* Your assignment *
A verbatim reproduction of the lines below, from the line containing "Sabrina's Bestie | Black Cats Case" through the line containing "Changan CS55 Plus II, 2023 Фото №2", both ends included, is the whole required output.

* Data provided *
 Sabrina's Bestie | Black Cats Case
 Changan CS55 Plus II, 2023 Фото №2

==

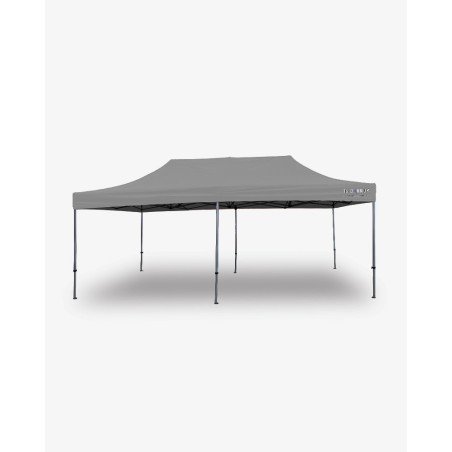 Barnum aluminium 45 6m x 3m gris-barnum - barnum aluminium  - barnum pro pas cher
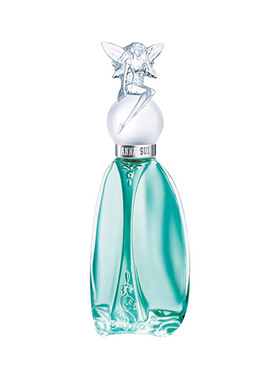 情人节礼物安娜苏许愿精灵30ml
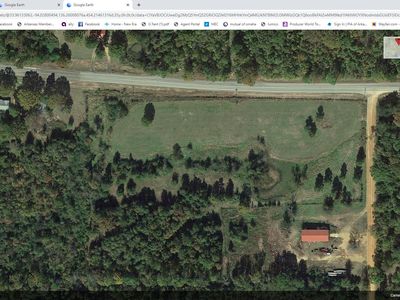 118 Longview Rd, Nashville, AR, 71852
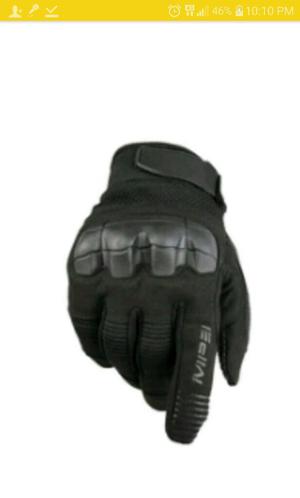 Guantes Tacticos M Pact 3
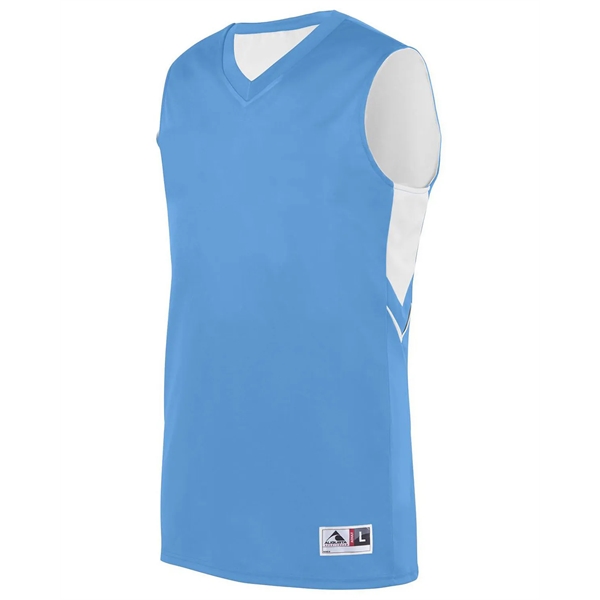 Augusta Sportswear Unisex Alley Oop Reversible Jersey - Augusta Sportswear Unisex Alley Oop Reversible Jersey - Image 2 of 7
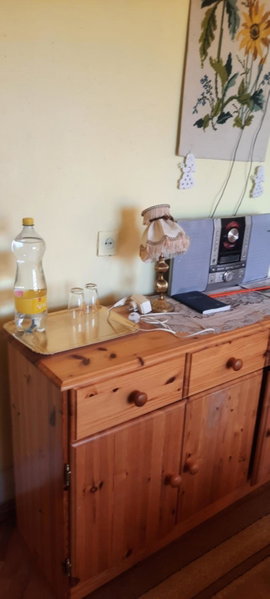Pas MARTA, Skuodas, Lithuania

* * *

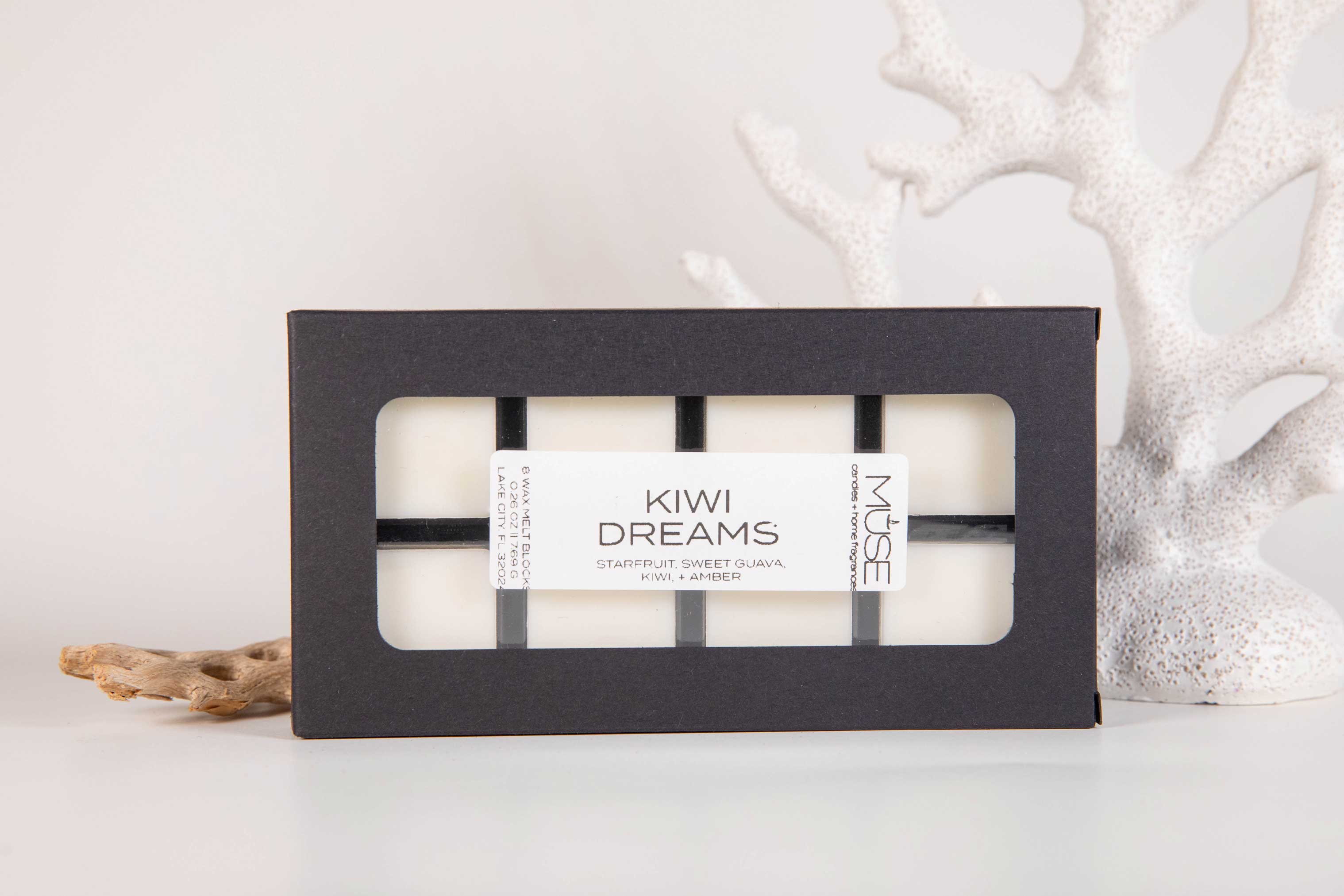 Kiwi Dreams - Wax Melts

* Task solution *
 Sabrina's Bestie | Black Cats Case
 Changan CS55 Plus II, 2023 Фото №2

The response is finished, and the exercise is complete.